REQUIRED ACTION: Return the records exactly, with nothing added.

[Saved data entries]
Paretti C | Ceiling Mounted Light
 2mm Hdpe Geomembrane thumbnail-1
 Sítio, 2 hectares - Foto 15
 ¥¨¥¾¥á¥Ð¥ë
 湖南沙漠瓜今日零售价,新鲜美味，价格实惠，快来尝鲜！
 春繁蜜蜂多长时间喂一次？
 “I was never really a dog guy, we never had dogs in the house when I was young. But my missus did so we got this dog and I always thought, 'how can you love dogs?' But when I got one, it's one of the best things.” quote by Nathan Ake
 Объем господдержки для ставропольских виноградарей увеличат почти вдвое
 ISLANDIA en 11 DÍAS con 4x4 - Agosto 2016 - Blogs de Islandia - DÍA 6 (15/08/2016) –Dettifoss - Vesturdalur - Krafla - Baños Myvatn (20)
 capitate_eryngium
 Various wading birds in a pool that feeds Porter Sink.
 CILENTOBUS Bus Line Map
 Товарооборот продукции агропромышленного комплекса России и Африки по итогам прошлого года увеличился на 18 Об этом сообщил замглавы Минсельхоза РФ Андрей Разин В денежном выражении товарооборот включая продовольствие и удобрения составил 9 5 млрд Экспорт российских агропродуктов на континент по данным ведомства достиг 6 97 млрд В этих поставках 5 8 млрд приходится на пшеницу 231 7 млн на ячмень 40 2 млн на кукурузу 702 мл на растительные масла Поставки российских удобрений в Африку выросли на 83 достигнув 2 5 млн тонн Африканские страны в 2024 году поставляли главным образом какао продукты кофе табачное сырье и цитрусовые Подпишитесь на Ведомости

TASK SOLUTION:
Paretti C | Ceiling Mounted Light
 2mm Hdpe Geomembrane thumbnail-1
 Sítio, 2 hectares - Foto 15
 ¥¨¥¾¥á¥Ð¥ë
 湖南沙漠瓜今日零售价,新鲜美味，价格实惠，快来尝鲜！
 春繁蜜蜂多长时间喂一次？
 “I was never really a dog guy, we never had dogs in the house when I was young. But my missus did so we got this dog and I always thought, 'how can you love dogs?' But when I got one, it's one of the best things.” quote by Nathan Ake
 Объем господдержки для ставропольских виноградарей увеличат почти вдвое
 ISLANDIA en 11 DÍAS con 4x4 - Agosto 2016 - Blogs de Islandia - DÍA 6 (15/08/2016) –Dettifoss - Vesturdalur - Krafla - Baños Myvatn (20)
 capitate_eryngium
 Various wading birds in a pool that feeds Porter Sink.
 CILENTOBUS Bus Line Map
 Товарооборот продукции агропромышленного комплекса России и Африки по итогам прошлого года увеличился на 18 Об этом сообщил замглавы Минсельхоза РФ Андрей Разин В денежном выражении товарооборот включая продовольствие и удобрения составил 9 5 млрд Экспорт российских агропродуктов на континент по данным ведомства достиг 6 97 млрд В этих поставках 5 8 млрд приходится на пшеницу 231 7 млн на ячмень 40 2 млн на кукурузу 702 мл на растительные масла Поставки российских удобрений в Африку выросли на 83 достигнув 2 5 млн тонн Африканские страны в 2024 году поставляли главным образом какао продукты кофе табачное сырье и цитрусовые Подпишитесь на Ведомости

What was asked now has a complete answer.